Ich gluckte einfach nur auf ihrem Sofa, stierte im Zimmer umher und lauschte ihr mit einem Ohr. Mein Blick heftete sich wie so oft an den Artikel über mich im SZ-Magazin, den Danni gerahmt und aufgehängt hatte. »Scheiße siehst du da hammergeil aus«, hatte sie damals befunden und ich ihr recht gegeben. Die schwarz-weißen Bilder zeigten mich und mein mageres Gesicht und Körper in hautenger Kleidung kurz nach der Vollendung meines vierten Buches »WEITER WEG«.
Ich sah viel älter aus, hatte mein dereinst langes, chemisch geglättetes Haar zu einem strengen Knoten aufgesteckt und reagierte auf die Fragen mit koketten wie auch überlegenen Körperhaltungen. Mein Antlitz lag nach der Anstrengung des Schreibens über meine Trennung in herberen Falten als normal, die sich erst Wochen später legten, und die ich den Visagisten zu überschminken verboten hatte. Sie waren meine Kriegsnarben. Offenbar hatte das landesweit viele Frauen beeindruckt, ich sah einen Teil meiner Mission erfüllt: Trage dein Lebensalter mit Stolz. Obwohl ich erst 29 war, wirkte ich so abgemagert und ausgelaugt, dass ich gut und gerne auf 45 hätte geschätzt werden können. Nach dem Interview gönnte ich mir einen Trip quer durch Norwegen mit Woolf an meiner Seite. Wir wanderten durch die Wälder und Täler, fischten in blaugrauen Gewässern, kraxelten auf feuchten Gebirgsketten umher und genossen die Abgeschiedenheit.
Danach fuhr ich mit Danni für eine Woche auf eine Schönheitsfarm, ehe ich strahlend schön und gestärkt zur Buchpremiere erschien und die Welt mit meiner wiedergewonnenen Jugend erschütterte. Und meinen Exfreund, was mir in dem Moment leider am wichtigsten war.
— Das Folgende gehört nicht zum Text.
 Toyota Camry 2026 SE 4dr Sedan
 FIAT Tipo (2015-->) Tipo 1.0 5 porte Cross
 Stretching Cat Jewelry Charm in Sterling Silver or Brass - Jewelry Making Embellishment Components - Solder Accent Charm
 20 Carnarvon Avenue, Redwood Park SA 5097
Die Türglocke riss mich aus meiner Erinnerung und Danni aus ihrem Geplapper. Das war ihr Kollege Ralf, mit dem sie die Nachtschicht zusammen durchstand, und der sie nun abholte. Danni hatte mich die ganze Zeit vollgetextet, wohl wissend, dass es genau das war, was ich gebraucht hatte. An der Tür drückte sie mich dann zärtlich und hauchte in mein Ohr: »Geht’s dir besser, Schätzchen?«
»Ja, ich danke dir, Liebelein.« Ich lächelte müde.
Zu Hause schlief ich ein, ohne mein Trauerkleid abgelegt zu haben, und wachte erst auf, als Duft nach starkem Kaffee die Wohnung erfüllte.